Великий магистр встал, приблизился к двери. Ее тут же открыли. Великий магистр двинулся по коридору. Вил заковылял следом, толкая босыми ногами свои гениталии. Путь был недолгим – перед огромными архаическими железными воротами великий магистр остановился. У ворот стояли двое стражников с автоматами, не обративших на подошедших ни малейшего внимания. Великий магистр вложил свои губы в большую замочную скважину ворот и внятно произнес:
Йи-ма-хе хшат-ре аур-ва-хе
Ноид ао-тем аон-ха ноид гаре-мем
Ноид заурва-тем аон-ха ноид мерет-йуш
Ноид а-рас-ко дае-во да-то.
Прошло несколько минут. В воротах ожили древние запоры, заскрипел ржавый металл, и створы стали медленно расходиться.
Великий магистр и Вил прошли в проем и оказались в полной темноте. Ворота за ними так же медленно закрылись. Великий магистр нащупал в темноте лежащий на каменном полу факел, зажег его. Пламя осветило громадную пещеру. Посередине возвышалась необычная конструкция, собранная из камней и деревянных подпорок. Рядом с ней грудились две кучи из почерневших камней и обугленных головешек. Конструкция подпирала массивный конус, вытесанный из гранита и перевернутый вершиной вниз. Послышался шорох. Вил пригляделся и в стенах возле ворот увидел небольшие окошки. В них виднелись лохматые человеческие лица, пугливо шарахающиеся от огня.
– Атрекс! – зарычал Вил.
– Не бойся, детка. Это хранители запоров, – пояснил великий магистр. – Они живут в камне и ждут, когда отпереть. Последний раз это было шестнадцать лет назад. Ступай за мной.
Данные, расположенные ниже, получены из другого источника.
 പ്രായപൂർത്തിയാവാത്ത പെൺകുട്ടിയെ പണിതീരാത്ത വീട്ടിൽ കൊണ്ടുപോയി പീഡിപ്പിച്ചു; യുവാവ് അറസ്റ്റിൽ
Они приблизились к конструкции.
– Полезай наверх в воронку. Когда залезешь – сядь и крикни, – скомандовал великий магистр.
Вил взял ручку кейса в зубы и стал карабкаться наверх по переплетениям деревянных подпорок. Гениталии его отвисли и тяжело раскачивались, задевая подпорки. Наконец он достиг верха, забрался в полый конус, сел, прижав к груди кейс, и громко крикнул.
Великий магистр поднес факел к толстому просмоленному жгуту в основании конструкции. Жгут вспыхнул и затрещал.
Великий магистр бросил факел на землю и побежал к воротам. Приблизившись к ним, он положил на их шершавую поверхность обе ладони и громко произнес:
– Авеста!
В стенах зашевелились хранители запоров, ворота приотворились. Великий магистр быстро вышел из пещеры. Ворота закрылись. Пламя быстро перемещалось по жгуту, разбрасывая зеленые искры. Когда оно исчезло в сердцевине конструкции, раздался сильный, но как бы замедленный взрыв, плавно перетекший в ослепительно белую вспышку. Когда все кончилось, на полу пещеры дымилась третья куча из раздробленных камней и догорающих деревяшек. Прямо над ней на потолке проступало круглое темное пятно. Рядом с ним над двумя старыми кучами виднелись такие же пятна.